D'autant plus qu'ils le font toujours à partir des racines!
J'aime beaucoup ces enregistrements même s'ils n'ont pas été bien reçus par les amateurs.

Êtes-vous conscient d'avoir pris la place des grands maîtres de l'harmonica aux yeux des jeunes générations. Cela ne vous dérange-t-il pas de vous faire piquer vos plans par les nouveaux harmonicistes ?
Cela ne me pose aucun problème, j'en suis même fier!
Si des jeunes me voient, aujourd'hui, comme moi je voyais mes maîtres, à l'époque, cela veut dire que j'ai fait quelque chose de ma vie.

J'ai joué, il y a peu, avec James Cotton…
C'est moi qui ai joué avec lui et pas l'inverse… c'est lui le maître!

Si je peux transmettre quelque chose aux jeunes, tant mieux!
C'est ce que j'ai voulu faire toute ma vie…

Vous êtes l'un des rares harmonicistes contemporains à posséder votre propre son…
Oui mais c'est le résultat de beaucoup d'influences que j'ai assimilées…
Au bout d'un moment c'est ma propre improvisation qui est sortie.
Aujourd'hui, après de nombreuses années, j'en suis arrivé au point où je peux vraiment jouer.

Que pensez-vous de la série, de films sur le Blues, produite par Martin Scorcese ?
L'essentiel est que cela amène des gens vers le Blues…
Je ne suis pas toujours convaincu du résultat final, y compris pour le film dans lequel je figure, mais si cela permet aux gens de prendre conscience de l'historique du Blues ça me va !
Ce qui est bien c'est que ce soit Scorcese qui ait été impliqué dans ce projet.

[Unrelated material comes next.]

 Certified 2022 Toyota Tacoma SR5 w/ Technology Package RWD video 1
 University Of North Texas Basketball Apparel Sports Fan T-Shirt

Pouvez-vous nous parler de " Kim's mix " ?
Il s'agit de 117 morceaux enregistrés en analogique et en une prise directe, sans overdub.
Des musiciens fabuleux comme les frères Moeller, Junior Watson, Kid Ramos, Larry Taylor, Rusty Zinn y ont participé…
C'est le top des musiciens du genre. Quand ces gens là seront partis, ce sera difficile d'assurer une relève.

Je suis propriétaire de ces morceaux et je ne veux pas m'enquiquiner avec des maisons de disques.
Si vous en parlez à des gens, dites simplement www.bluebeatmusic.com
Concernant le son de ces bandes, je peux vous dire que ça plait à Larry Taylor qui est réputé pour ne pas aimer grand-chose, c'est donc un sacré critère (rires) !

Qu'écoutez-vous, comme musiques, au quotidien ?
James Cotton, B King, Telonious Monk, Miles Davis, Otis Redding, Little Richard, Muddy Waters, Little Walter, Sonny Boy Williamson…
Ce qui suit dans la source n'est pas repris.